To Kindle Or Not To Kindle

Jul 28, 2010

Decisions, decisions.

Today my wife the doctoral candidate asked my advice on whether to buy a book she needed as a P-Book or the Kindle edition. (We have the Kindle DX.)

The name of the book is The Structure Of Scientific Revolutions by Thomas Kuhn. (Strangely, I remembered both the book and the author’s name. I think I might have read it a long time ago during my history-of-technology phase.)

Anyway, here were the considerations:

Delivery: Kindle is instant versus having to wait (and pay extra) for the P-Book.

Price: $9.99 for the Kindle versus $13.80 plus shipping for the P-Book.

Payment Method: Both instant – quickpay or autopay or one-click or whatever Amazon is calling it.

Intrinsic Quality: Print is print is print. Expectations will be met. There will be a Table Of Contents, there will be an Index. You can flip through it. However, there’s no equivalent to a “flip through” on the Kindle. And Kindle books can vary in quality depending upon how the digital file is created. This usually means problems navigating through the book. How widespread these problems are with Kindle books produced by commercial houses, I don’t know. But the fear flashed through my mind – and that’s a problem for both Amazon and publishers of titles for the Kindle. I wonder what the return policy is.

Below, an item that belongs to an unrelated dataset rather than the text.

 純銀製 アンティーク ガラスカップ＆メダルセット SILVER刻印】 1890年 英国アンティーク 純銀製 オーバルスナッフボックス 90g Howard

Miscellaneous Pros For the P-Book: You can resell it. You can loan it to a friend who doesn’t have a Kindle. It’s just as easy to scan and OCR parts of it as it is to try and copy and paste from the Kindle. (Can that even be done? …gotta work on my Kindle-skills.)

Miscellaneous Pros For the Kindle Edition: Nothing to carry, it travels with the device. It also travels with the iPad via the Kindle app. Is there a desktop version of the Kindle app? I don’t know.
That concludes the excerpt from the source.